What is especially great about the tax credit is that first-time homebuyers can claim the $8,000 as a refund on their 2008 taxes. They also receive the full amount of $8,000 tax credit even if their tax liability for 2008 is less than $8,000. They can then use this $8,000 to add to their downpayment on a house.
To be eligible for the tax credit, first-time homebuyers must buy their homes between January 1, 2009 and November 30, 2009. Taxpayers are considered first-time homebuyers if they have not owned a house since 2006. They must also commit to live in the home they buy for not less than three years, otherwise they will have to return the $8,000 tax credit.
The credit is also restricted to taxpayers with gross incomes of less than $75,000 for individuals and $150,000 for couples. Homebuyers earning above these brackets may be given a partial credit. The process of application for the $8,000 home-linked tax credit has been made easier for the homebuyer. Homebuyers just claim the credit on their 2008 tax returns. For those who have already filed their returns, they can amend their returns to claim the tax credit.
Although people in the housing industry are generally pleased with the $8,000 credit, they are still disappointed that the Senate and House did not pass the proposed credit of $15,000 to all homebuyers. Bernard Markstein, an economist with the National Association of Homebuilders (NAHB), said the $15,000 credit would have helped more homeowners and would have revived the foreclosure-laden housing market faster.
Nevertheless, as economist Lawrence Yun has expressed, the $8,000 credit would add about 300,000 new buyers into the housing market loaded with foreclosed properties.

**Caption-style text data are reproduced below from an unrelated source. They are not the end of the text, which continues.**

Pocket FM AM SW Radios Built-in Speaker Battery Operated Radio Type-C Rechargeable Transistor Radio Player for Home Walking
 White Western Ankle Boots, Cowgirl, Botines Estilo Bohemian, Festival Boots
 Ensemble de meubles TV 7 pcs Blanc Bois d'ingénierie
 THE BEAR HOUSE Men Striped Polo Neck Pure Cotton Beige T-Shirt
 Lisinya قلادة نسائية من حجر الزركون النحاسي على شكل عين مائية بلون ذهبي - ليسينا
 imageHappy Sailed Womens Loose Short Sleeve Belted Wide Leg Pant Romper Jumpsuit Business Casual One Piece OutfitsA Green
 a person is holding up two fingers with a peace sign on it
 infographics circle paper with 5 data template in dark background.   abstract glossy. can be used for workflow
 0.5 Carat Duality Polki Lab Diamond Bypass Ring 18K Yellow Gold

He also said that the credit would start a domino effect in the market, with the first-time homebuyer buying a home sold by someone also buying another home.
In real estate lecturer Mark Goldman’s opinion, many people wanting to buy a home would not be able to benefit from the $8,000 credit because they do not have the down payment needed to buy a home, even a low-cost foreclosed home.
Even so, Yun added that the $8,000 could be treated as a reduction on the cost of a home, or an initial home fund from which new homeowners will get money to pay for repairs or appliances, things that could start an increase in consumer spending that helps stimulate the foreclosure-burdened economy.